HP showed off the future of online training yesterday during its three-hour ProLiant G6 Web Jam. The event that introduced the latest generation of Windows servers consisted of several recorded briefings from inside HP's ProLiant labs in Houston, live chats between viewers and HP staff, as well as documents such as white papers and data sheets.
That last element was provided in an Event Bag, a zip file of documents you select during the broadcast of the videos. HP ran the production out of its Virtual Events Central Web site. The interface conjures up a visit to a computer conference with separate entries to a networking lounge, exhibit hall or auditorium. On the main page of the conference "lobby," animated attendees pass across a carpeted area. (Traffic this light would have exhibitors upset at a real event.) It's all meant to invoke the spirit of attending a show. In some aspects, HP's Tuesday presentation did more than the vendor might have intended to cook up the show experience.
HP would not go to the expense to create this event without making it available afterward. You can still go to www.hp.com/go/web-jam to register and see the G6 team's videos and fill up your event bag. Being there yesterday would have put you in the company of several hundred other "attendees" for networking inside chat rooms.
If you'd dedicated time to watch the full event, and had a prerequisite knowledge of the ProLiant hardware, yesterday would have been training time well spent. HP essentially turned on a video camera when it briefed partners and staff about the sixth generation of ProLiant servers. Like at any good conference, HP's more technical presenters told the unvarnished truth about product design. One member of the Blades SWAT Team showed mentioned a component whose failure erases a ProLiant's midplane board serial number.
The unidentified member of the HP Blades SWAT Team also offered assurance that ProLiant customers will be able to recover from such a failure.
There’s only one active component on it. I always thought it was a bit ironic that if [this component] dies, the only thing that will happen is that you will lose the serial number as well as the spare part replacement number — the two things you need to replace this. Luckily, if you’re using System Insight Manager, the information is stored in your SIM database. But besides this component, this is nothing but a big thick piece of plastic with a lot of wires running through it.
HP includes an Onboard Administrator in every G6 that communicates with the SIM. HP says the component "is like having a programmable administrator inside each server. On HP ProLiant 100 series G6 servers, ProLiant Onboard Administrator Powered by iLO100 works hand-in-hand with HP Systems Insight Manager, RBSU, ORCA, and the embedded Baseboard Management Controller (BMC) to provide entry-level remote management and control."
The briefings unfolded in presentations of up to 20 minutes that reminded me more of reality TV than an HP infommercial.
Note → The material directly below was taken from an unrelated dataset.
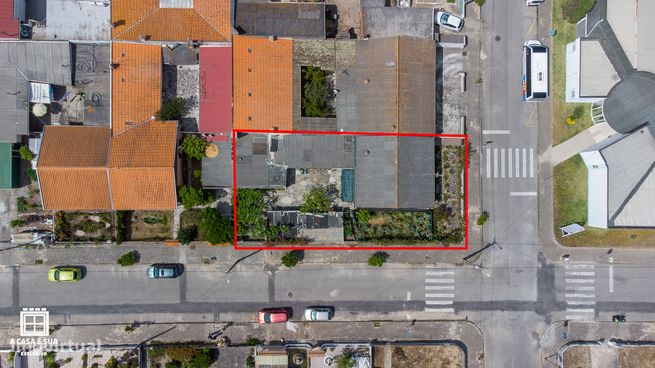 Moradia T3 com 3 Frentes, Anexos e Pátio em S. Jacinto-30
The camera work was on-the-fly instead of rehearsed, and sometimes the audio was a little light on the volume. When the attendees in the meeting rooms posed questions, HP identified the speakers with a caption at the bottom of the screen. (You couldn't capture that bit of information in a real conference.) You can look at a few minutes of video from the teardown briefing by clicking on the screen shot above.
Those asking questions were clearly already well-versed in the ProLiant lineup, so this event might not have been much help for the novice Windows server administrator. You wouldn't find much contention in the Q&A, either, something that enriches a genuine conference session. It's not a stretch to say that those on hand were only examining how much greater the ProLiant-Windows solutions had just become. For example, John Obeto of SmallBizWindows.com (center, below) spoke up during the hardware tear-down session. Obeto wrote in 2006
We, contrary to current thought, encourage small businesses to upgrade to Windows Vista immediately upon release. Why? Barring any unforeseen last minute eventualities, [we count on] our experience with Vista [starting with] the release of Beta 1 back on August 3rd of 2005. Without a doubt, the security and usability enhancements alone make upgrading to Vista a no-brainer.
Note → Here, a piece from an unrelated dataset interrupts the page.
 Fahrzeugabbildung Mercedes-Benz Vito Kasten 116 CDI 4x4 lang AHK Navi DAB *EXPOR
There's not much need to color that exhortation in 2009, considering the disappointment that Vista has visited on so many customers. But with Miocrosoft and HP reportedly extending the Windows XP experience well into 2010, Vista is no reason to avoid these new ProLiant G6 units. They'll drive an enterprise with Windows 7, as an alternative.
If you've ever wondered what a factory tour at HP is like, the Web Jam's contents will give you a taste. Watching units come off an assembly line might not solve many system management problems in the future; it never did that for the customers who earned HP 3000 factory tours, either. But you could develop relationships with factory staff on those tours. At least in 2009, a tour like the one at the Jam will still enhance your confidence about investing in HP's solution. That was always the point of the 3000 factory tours, too.
I'm looking forward to a Web Jam for the HP Integrity server line, too, since the vendor has been promoting the Integrity as a 3000 replacement. The G6 Jam was produced by the Industry Standard Server (ISS) part of HP -- an operation with roots in Compaq's business and based in Houston (thus, the Central Daylight Time schedule for the event.) Integrity rolls out of a different HP unit.